Allow me to be a giant douche for a moment : the critic you've read about ONLY GOD FORGIVES is probably wrong. It was most likely written by a bitter, childish and intellectually lazy journalist who believes he has the monopoly of artistic taste. Whenever an artist does something truly great (i.e. DRIVE), everybody expects him to milk the same idea for the rest of their career. That is not how art works. ONLY GOD FORGIVES is a very good movie. It's also a difficult movie. More introspective, contemplative and lot less transparent than DRIVE. You can't enjoy it if you're not ready to work, but unlike previous Nicolas Winding Refn pieces, ONLY GOD FORGIVES works with you and not against you.

Julian (Ryan Gosling) and Billy (Tom Burke) are brothers running a Muay Thai gym in Thailand and dealing dope for their mother (Kristin Scott Thomas), seemingly because it's easier to do it there than in America. Billy, the dominant, violent one, rapes and kills a sixteen years old girl on a drunken binge and suffers too a horrible fate to the hands of Chang (Vithaya Pansingarm), a ruthless local policeman with his own set of ethics. Julian's mom expects him to avenge his brother, but things are not that simple to him. He wants to distance himself of the violence he grew up in, but he doesn't know how since it seems to live within him.

Now bear with me. There are patterns that tie ONLY GOD FORGIVES to other Nicolas Winding Refn movies. I believe the lack of words and the occasional clumsiness of the screenplay were not incidental. It's not the first time Refn is trying to tell a story with images only, but this time it's successful. Every bit of essential narrative information is available each beautiful, studied and slow-moving frames of ONLY GOD FORGIVES. No stones have been left unturned in the visual composition, but the lighting is the one truly exceptional variable. Refn seems to shun words, to deliberately show them contempt by using the bare bones of English only, but it doesn't mean he's not telling the story. ONLY GOD FORGIVES is a unique visual experience that blends aesthetic and narrative into one object.

Mouth pulling as a metaphor.

My main quarrel with ONLY GOD FORGIVES is the actors' direction. It was obvious to a point it was detrimental to the movie. Julian and Chang, walking around like they were under hypnosis had for goal to have them tie the frames together, like a metaphorical finger reading a graphic novel, but I thought the result was clumsy. Kristin Scott Thomas is the only cast member really acting in there and it makes her stand out even if she's not the best talent. NO COUNTRY FOR OLD MEN is a movie conceptually similar to ONLY GOD FORGIVES, as it also dealt with words as a problem, but the Coen brothers distanced themselves and made something trult remarkable by giving their actors almost total freedom within the frame. Nicolas Winding Refn direct his actors way too tightly to have an amazing, delirious scene like this in ONLY GOD FORGIVES (OK, maybe Cormac McCarthy had something to do with it, too) 

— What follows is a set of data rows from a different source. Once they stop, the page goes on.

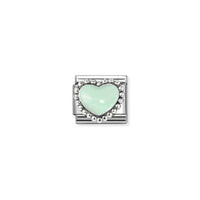 Classic Silver and Enamel Pastel Green Raised Heart Love & Hearts Charms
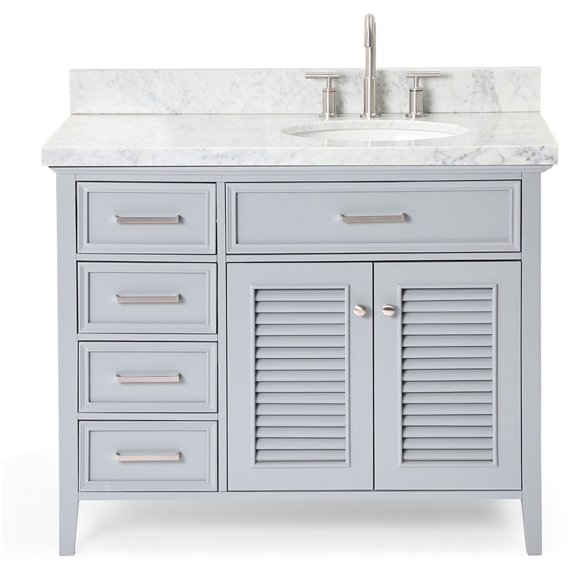 Ariel D043srcwovo Kensington 43" Free Standing Single Oval Basin Vanity Set - Grey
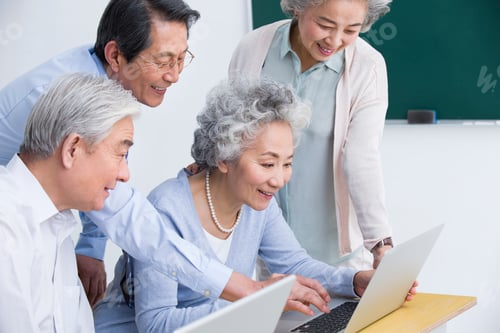 Preview: Senior adults having computer class at school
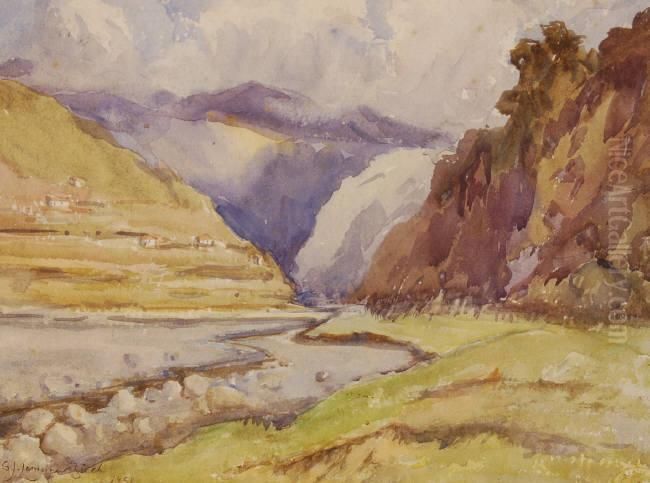 Mountain Landscape Oil Painting by Samuel John Lamorna Birch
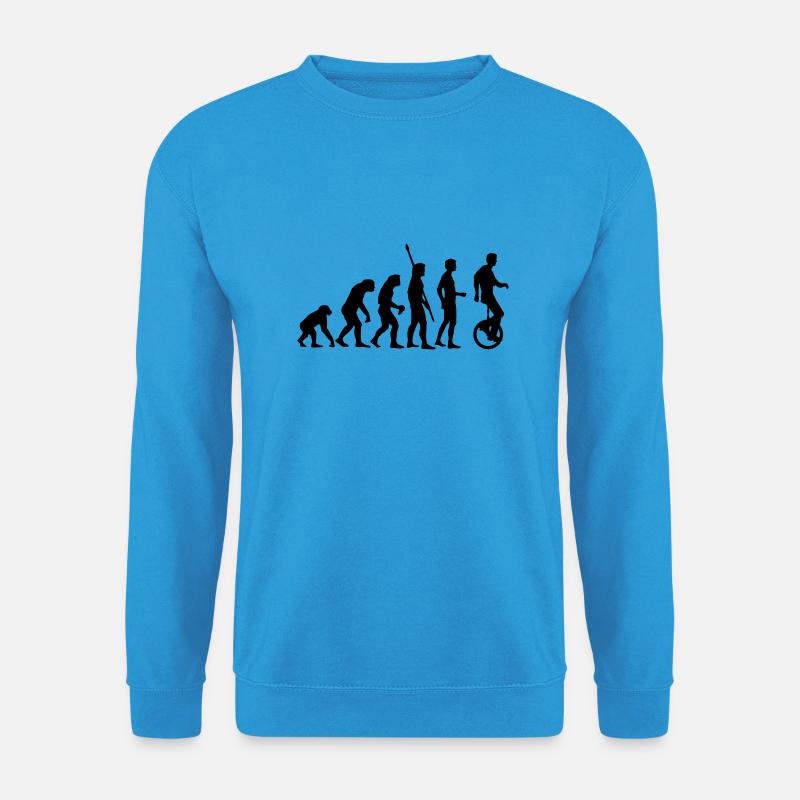 evolution_einradfahrer_1c - Sweat-shirt Unisexe - bleu mer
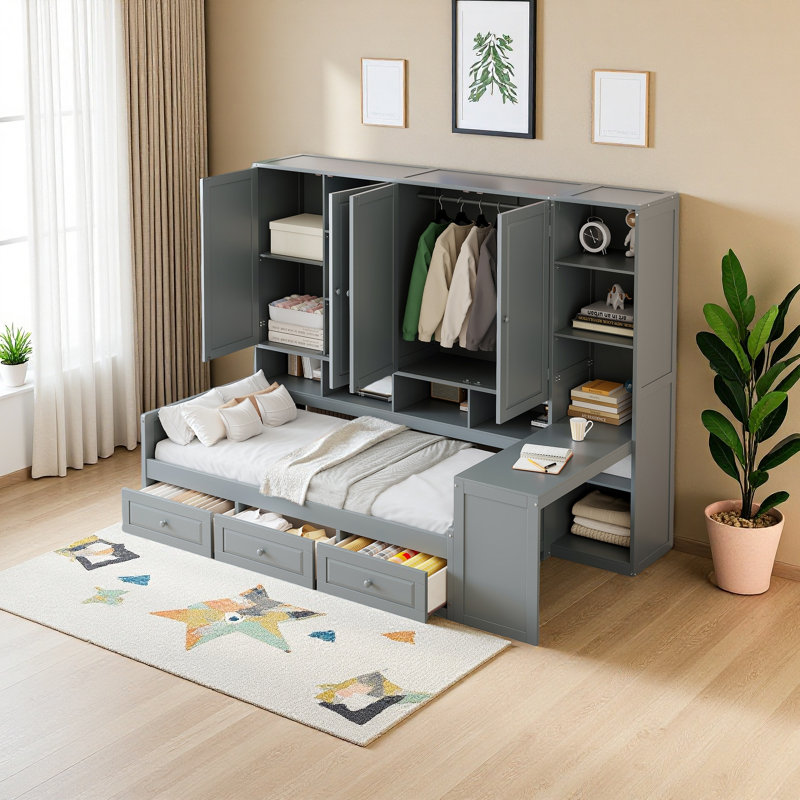 Wooden Daybed With Three Drawers, And All-In-One Cabinet, Desk And Shelves, Gray, Twin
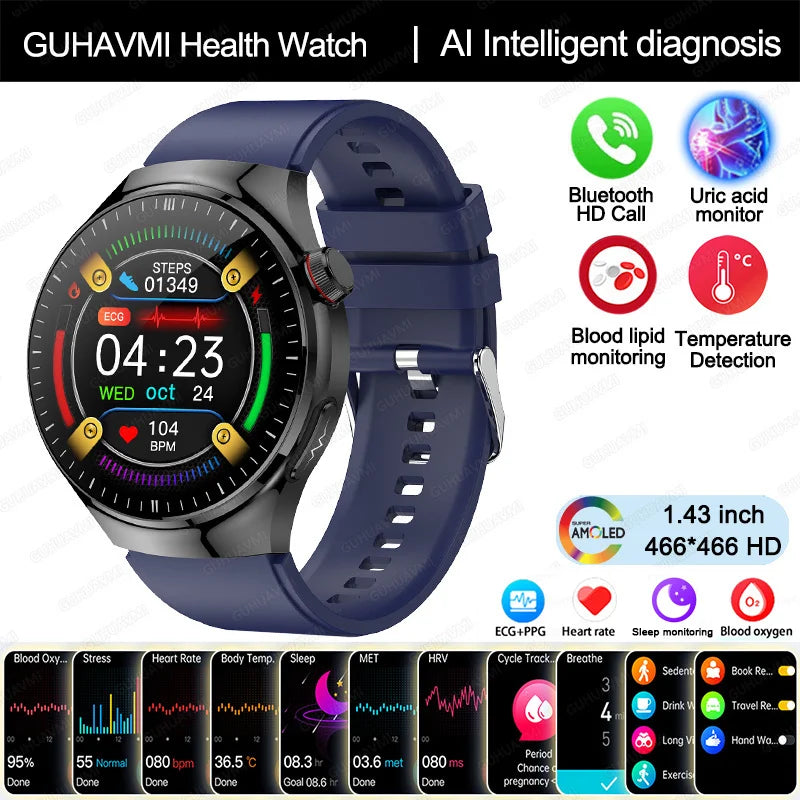2025 Neue Smartwatch für die Krankenpflege: Blutsauerstoff, Blutfett, Harnsäure, EKG+PPG, Körpertemperatur, Bluetooth-Anruf, Gesundheits-Smartwatch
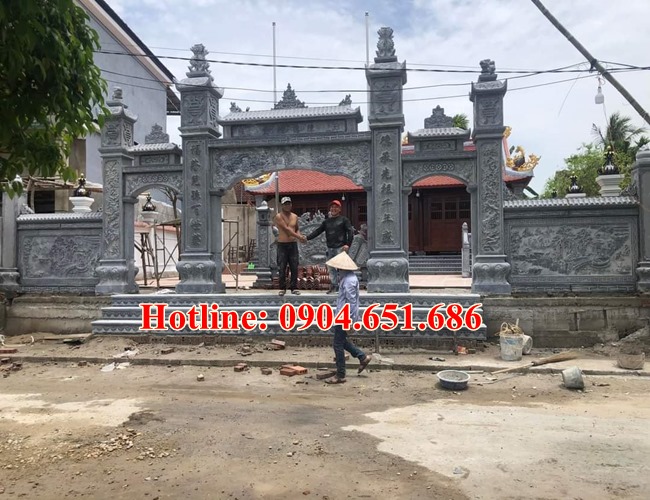 Làm mẫu cổng đá nhà thờ họ nhà từ đường đẹp tại Vĩnh Phúc, Phú Thọ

About that ultra-violence. It was a pretty violent movie indeed, but I do believe it was all part of Refn's tell-a-story-with-little-to-no-words concept. Physical violence is something extremely visual and for some characters (namely Chang), it's the only language they speak. Apparently, ONLY GOD FORGIVES was a gift to Alejandro Jodorowsky, but I saw little of his influence through it, except maybe for a certain scene involving needles (scene that contains a wink to Luis Bunuel also). The clearer influence here is french madman Gaspar Noé *. But even then, much of ONLY GOD FORGIVES is Refn's and Refn's alone. The more experience he gains, the more Refn develops a vision of cinema he completely owns.

Don't expect talking. Don't expect to be spoon fed. ONLY GOD FORGIVES is very old-school, new wave cinema in that regards. It's not a movie you can afford to be passive with. It will solicitate your intellect and your ability to appreciate art. The worst mistake you could make walking into it is to expect DRIVE all over again. Great artists know their successes need to be left alone and know when to move to another paradigm. On a long enough time scale, a movie like ONLY GOD FORGIVES will define Nicolas Winding Refn's legacy, his ability to change direction, to gleefully experiment, and the whiny critics who expected DRIVE 2 will all be forgotten.

* Did you know I have seen IRREVERSIBLE in theater at a festival? It was both distressing and hilarious. Distressing because you know...horrible twenty minutes rape scene...and hilarious because of the high-minded ''cinema people'' leaving te theater in tears.